Summary
Chapter Fourteen begins with an explanation of how visitors to Lyme Regis in the nineteenth century were subject to the scrutiny of the town. Charles has had to endure this sensation two or three times a week on his visits with Ernestina and her aunt.
The morning after he went to Undercliff, he, Ernestina and Aunt Tranter go to Marlborough House to see Mrs. Poulteney. He could not avoid this fate especially as ‘foreign’ visitors (from out of town) are a currency for the likes of this hostess.
When they arrive, Mrs. Poulteney insists that Sarah stays. Mrs. Tranter demonstrates her kindness and asks Sarah to visit her when Ernestina has returned home. Charles notes that Sarah studiously avoids his eyes and does not betray the fact that they met the day before. He also notices that Mrs. Poulteney ignores her (unless she wants her to do something for her) as does Ernestina, which annoys him.
Towards the end of their visit, Charles begins to see that Sarah’s ‘silent meekness’ runs contrary to her nature and has completely disassociated herself from her employer. At one point, Mrs. Poulteney criticizes Mary for talking to Sam and Charles defends both Mary and Aunt Tranter by being sarcastic. Sarah looks into Charles’s eyes and for the first time the two strangers realize they have a common enemy. Whilst this is happening, Sam talks to Mary at Aunt Tranter’s house and their conversation is ‘surprisingly serious’.
In Chapter Fifteen, Charles and Ernestina have made up after the awkwardness at Mrs.
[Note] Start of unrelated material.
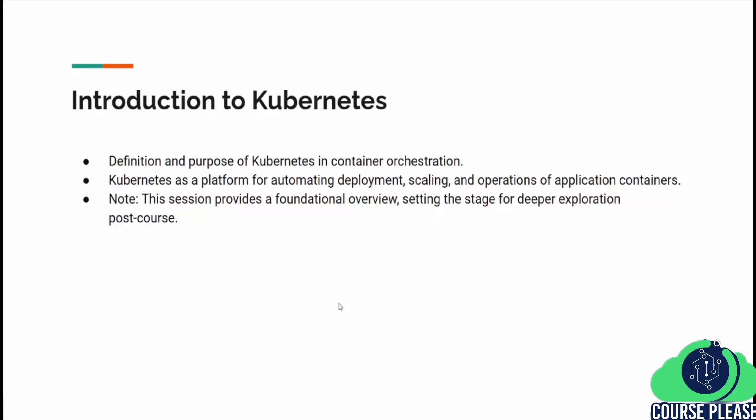Welcome to our exploration of Kubernetes, the leading container orchestration platform that has revolutionized how we deploy, scale, and manage containerized applications.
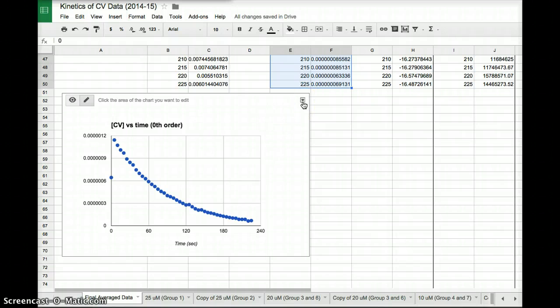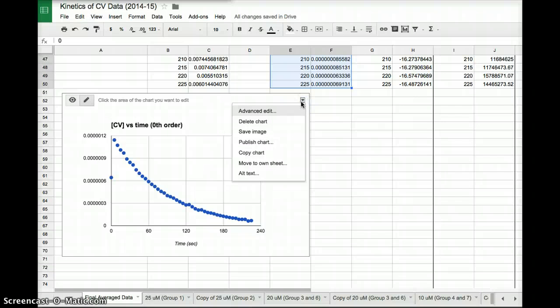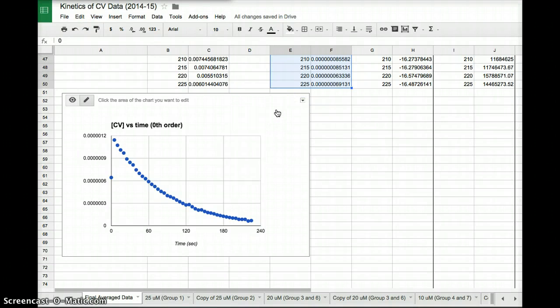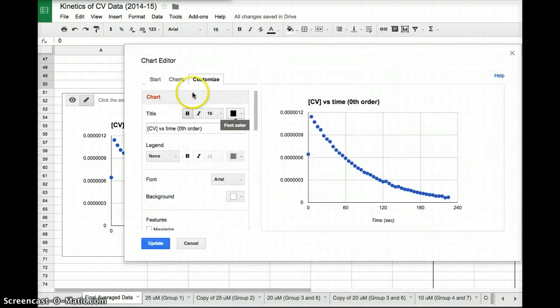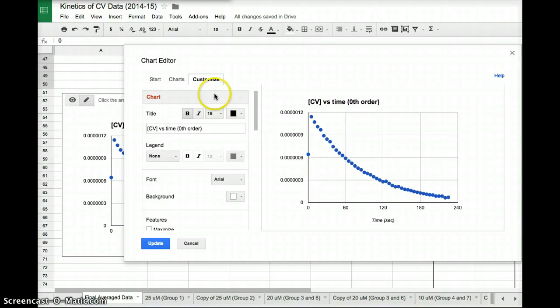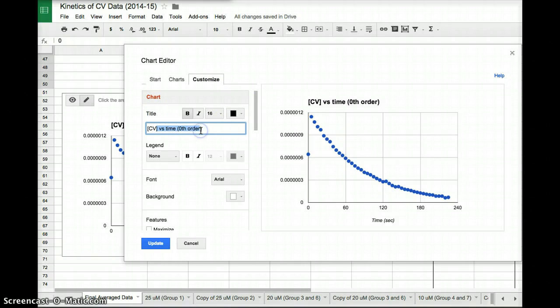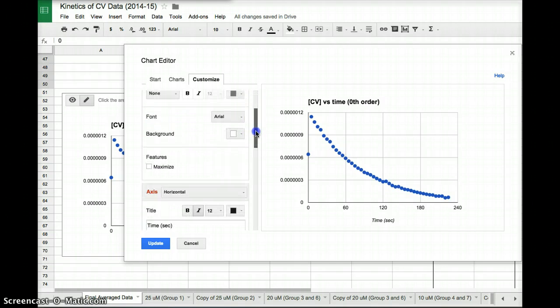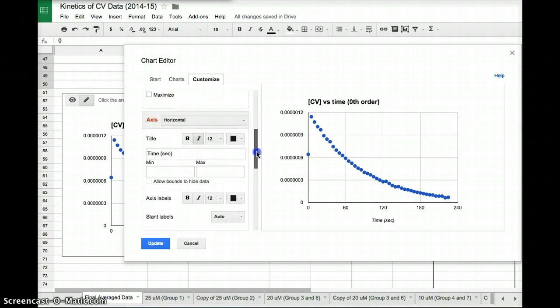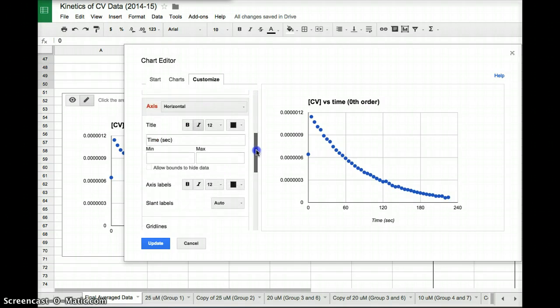This little triangle in the top right corner is going to give you everything you need. So I click on this, and I go to advanced edit. Now what I can do under customize is I can change the name. So you can see here title. I could retype the title in if I wanted.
Poulteney’s and Ernestina decides to give Mary her green walking dress. Alone with Sam later, Charles advises Sam to keep away from Mary and Sam responds by saying ‘we’re not ‘orses. We’re ‘ooman beings’. Charles apologizes, but still says Sam should avoid Mary until he has discovered from Mrs. Tranter if Mary will permit his attentions.
Chapter Sixteen informs us that five uneventful days have since passed and Ernestina has changed after falling into Charles’s disfavor at Mrs. Poulteney’s house. She has become more deferential to him, but he finds this somewhat cloying. Although he enjoys being adulated, he has also been used to years of ‘very free bachelorhood’ and in his own way is also a ‘horrid, spoilt child’. Filling the evenings ‘without benefits of cinema or television’ was difficult for those not working a 12 hour day. Charles sprawls across a sofa whilst Ernestina reads him a poem. She feels ‘elevated and purified’ by this eulogy to Florence Nightingale.
The narrative cuts abruptly away from this scene to explain that although it is thought women were chained to their roles at this time, such as Ernestina, John Stuart Mill had argued only the week before (April 6th 1867) that it was time to give women equal rights at the ballot box.
The narrative then returns to Ernestina reading the poem out loud to Charles. When she realizes he is asleep, she throws the book at him. The next day he is granted an afternoon of ‘wretched grubbing’ rather than having to discuss the furnishings of the house they have not yet found.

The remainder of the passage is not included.